What is Network Attached Storage (NAS) ?

Mark Regan ~ December 8th, 2017 ~ Technology Overview

Network Attached Storage NAS Devices

Network Attached Storage or NAS is a dedicated device for file storage that offers shared storage via LAN nodes using only standard Ethernet-based connectivity. It is a cost-effective solution to store bulk of data via computer without affecting storage given on it. Network storage as the name explains, NAS depends on the network connectivity to render access to storage, whether it is a LAN or routers.

Role of NAS Storage

The ones that connect through a router are known as NAS but Network Attached Servers instead. These types of NAS do not need to be connected with computer for serving for purpose. A heterogeneous number of user machines can be provided storage over network whether within same geographical location or not. NAS acts as great alternative to external hard drives and other mass storage devices from both security and storage perspective.

NAS

Types of NAS

NAS is classified into two categories, which are Network Attached Storage and Server respectively. The two have been defined and distinguished briefly in the following part:

Attached Server

A server attached to network acts as an external drive, which is directly connected to the network device.
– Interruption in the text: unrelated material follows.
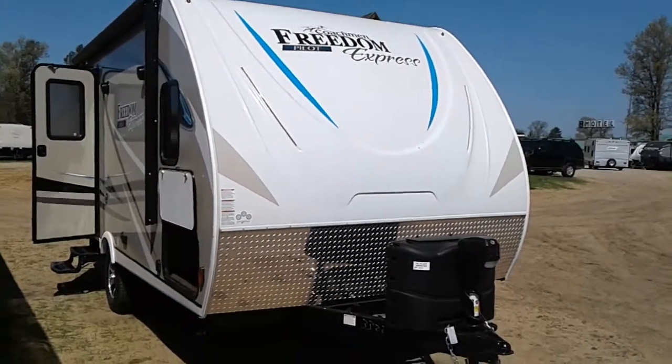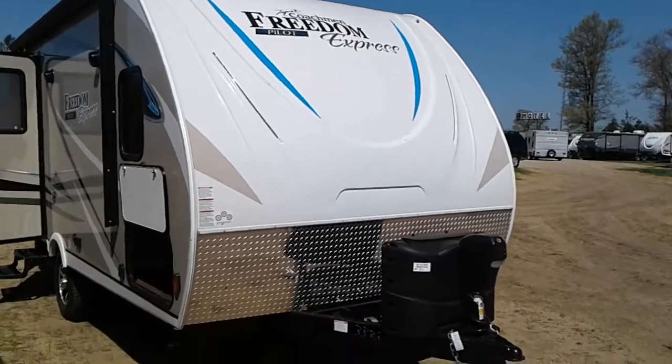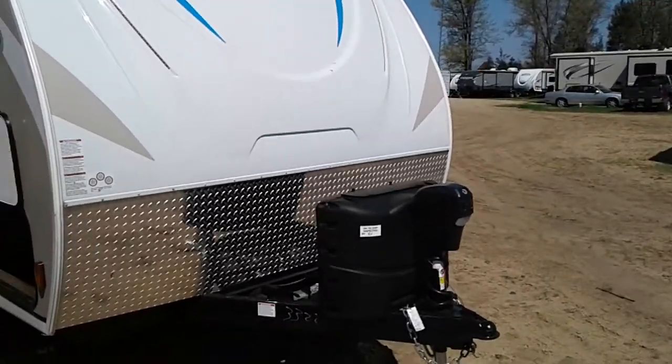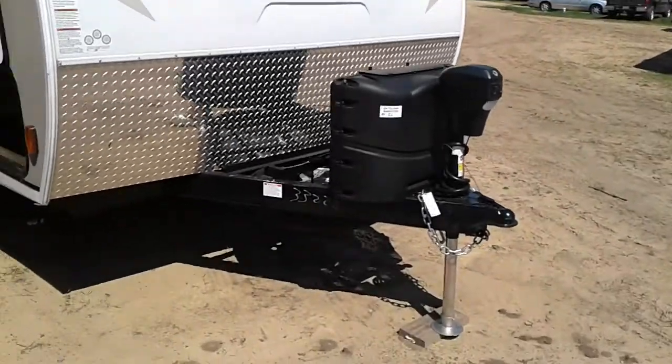This is Tim with Friendship RV. We've got a 2019 Freedom Express Pilot 19RKS, 3,780 pounds for total weight, and a power tongue jack.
Not much has to be done to achieve a Network Storage Server setup. Just connect the storage server to NAS enabled route using Gigabit wire. The setup now acts exactly like normal server that hosts storage space to number of client machines. This direct circulation of storage over network is made by server to machine sharing the same network area.

Advantages and Uses: A NAS setup like this can do much more than simply offering shared storage to multiple machines connected to mutual network. This kind of configuration is suitable for acting as a streaming server within organizations for simplified interoffice file sharing, broadcasting network connected media players with digital contents, being the host storage to remotely connected client users, and more.

Supported Routers

Routers that are NAS enabled come with integral storage, USB port provision for establishing a wired connection or drive bay to offer to be host to the hard drive(s). The most powerful routers for NAS configuration that come currently are built with more than one USB ports for making the connection with external drives.
Advantages and Uses: These storage-providing routers offer shared storage as well as media streaming. NAS’s storage is featured by such a setup as one of the multiple uses it offers.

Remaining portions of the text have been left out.